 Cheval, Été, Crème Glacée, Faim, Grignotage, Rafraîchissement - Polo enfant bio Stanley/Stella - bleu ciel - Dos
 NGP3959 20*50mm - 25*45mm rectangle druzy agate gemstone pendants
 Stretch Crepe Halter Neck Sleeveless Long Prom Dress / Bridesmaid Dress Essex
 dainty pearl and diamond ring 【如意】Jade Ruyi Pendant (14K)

==

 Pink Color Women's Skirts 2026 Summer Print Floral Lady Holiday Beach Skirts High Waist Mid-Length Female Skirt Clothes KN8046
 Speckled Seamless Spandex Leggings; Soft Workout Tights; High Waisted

Problem requirements »
Using the entries shown above, reproduce verbatim the lines from the line bearing "Stretch Crepe Halter" to the line bearing "dainty pearl and", inclusive.

Response to this task »
 Stretch Crepe Halter Neck Sleeveless Long Prom Dress / Bridesmaid Dress Essex
 dainty pearl and diamond ring 【如意】Jade Ruyi Pendant (14K)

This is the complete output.